You need a thermostat for any heat source to control and prevent the heating from cooking the animal. You set this at the temp you want connect your heating through it and it (hopefully) keeps the temps at waht they should be.

A lamp can get well over 40CF and a mat can get hotter than 40C too. 

What is the temperature at the moment.

And yes you can bath a dragon in the sink or a large ehough tub with some water in it. Only use tepid water and not too deep.


----------



## SamAlex (Jan 16, 2012)

Hannah81 said:


> You need a thermostat for any heat source to control and prevent the heating from cooking the animal. You set this at the temp you want connect your heating through it and it (hopefully) keeps the temps at waht they should be.
> 
> A lamp can get well over 40CF and a mat can get hotter than 40C too.
> 
> ...


just checked the temps and they are: 21.1c (69f) and 29.0c(84f). if i go and buy a thermostat, how do i connect it (is it self-explanatory when you buy it)?


----------



## Purple_D (Jan 18, 2009)

SamAlex said:


> just checked the temps and they are: 21.1c (69f) and 29.0c(84f). if i go and buy a thermostat, how do i connect it (is it self-explanatory when you buy it)?

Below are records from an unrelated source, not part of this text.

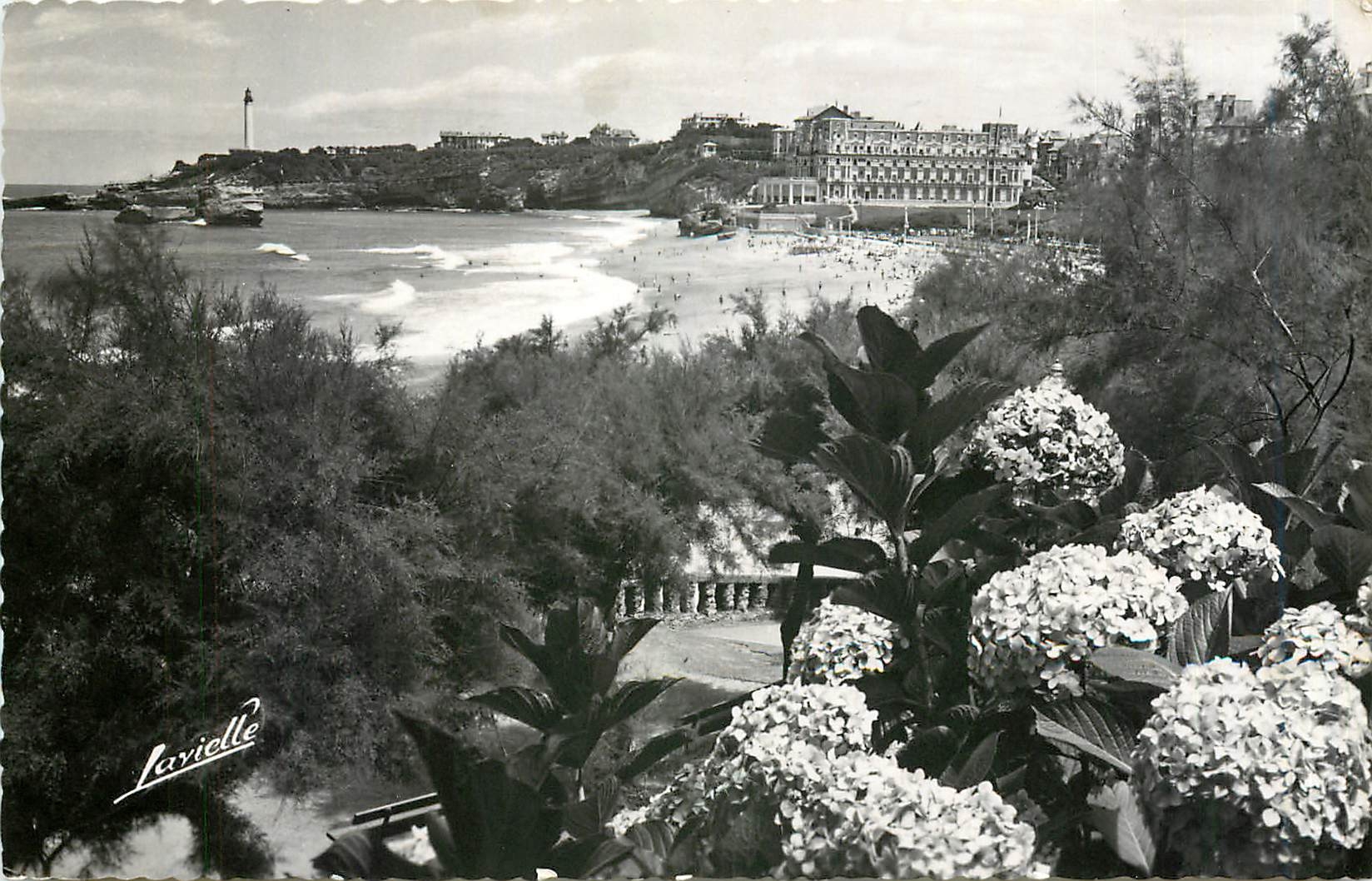 CPA Biarritz Les Hortensias et vue sur le Phare 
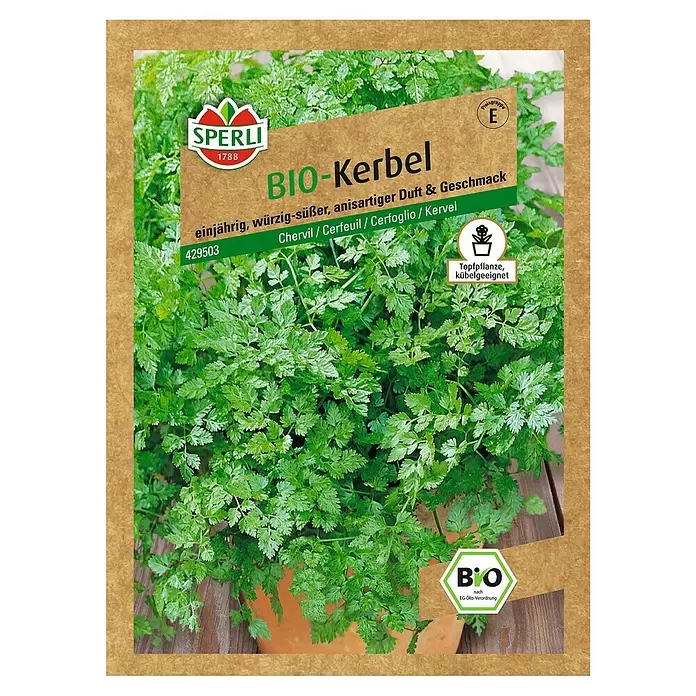 Sperli Kräutersamen Bio Kerbel - Anthriscus cerefolium, Saatzeit: März, Erntezeit: Ganzjährig - Vorderansicht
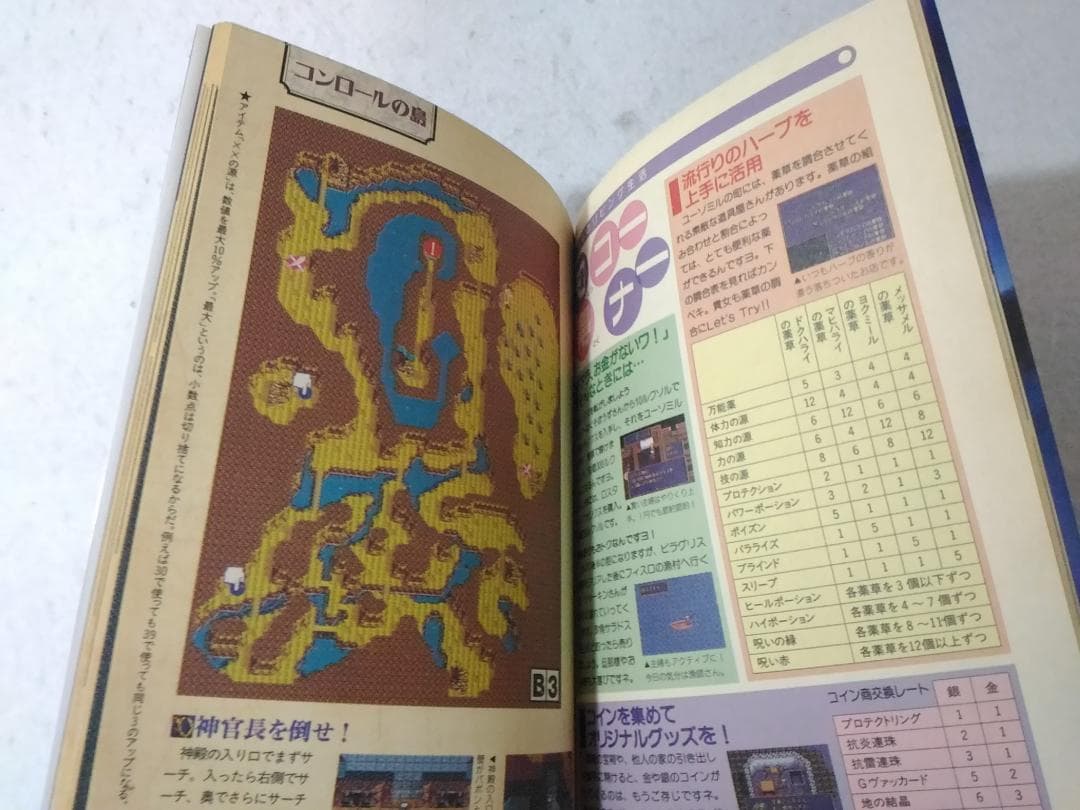 Games Strategy Guides Pc 700
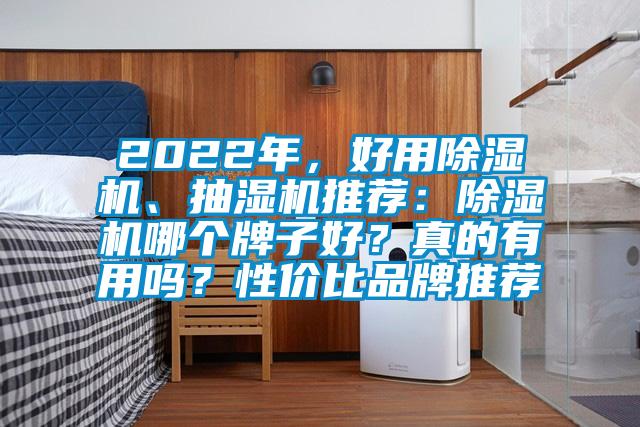 2022年，好用除濕機、抽濕機推薦：除濕機哪個(gè)牌子好？真的有用嗎？性?xún)r(jià)比品牌推薦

Yeh, you just plug it in and away you go, the probe goes under the heat bulb.
With those temps it sounds like the bulb is not a big enough wattage, try a bigger spot light.Could be the reason its not eating.
PS, you need a dimming thermostat:2thumb:


----------



## emmaalyafai (Jan 4, 2012)

*dont buy your reptiles from bloody pets at home they aint got a clue-go to a reptile shop or dealer*


----------



## awh (Aug 20, 2008)

emmaalyafai said:


> *dont buy your reptiles from bloody pets at home they aint got a clue-go to a reptile shop or dealer*


 my [email protected] are good about reptiles just because some are crap does not mean they all are 

to the original poster 
the thermostat you need is a dimming hermostat they are easy to use 
as to the heat bulb go to b & q or some wher like them and buy some household reflector type bulbs (i get mine on e bay eBay - The UK's Online Marketplace are the ones i buy ) as they are a damm sight cheaper


----------



## Debbie1962 (Dec 5, 2008)

So they didn't tell you that needed a thermostat either :gasp:. Unfortunately you do and they are expensive, around £35-£40.00. 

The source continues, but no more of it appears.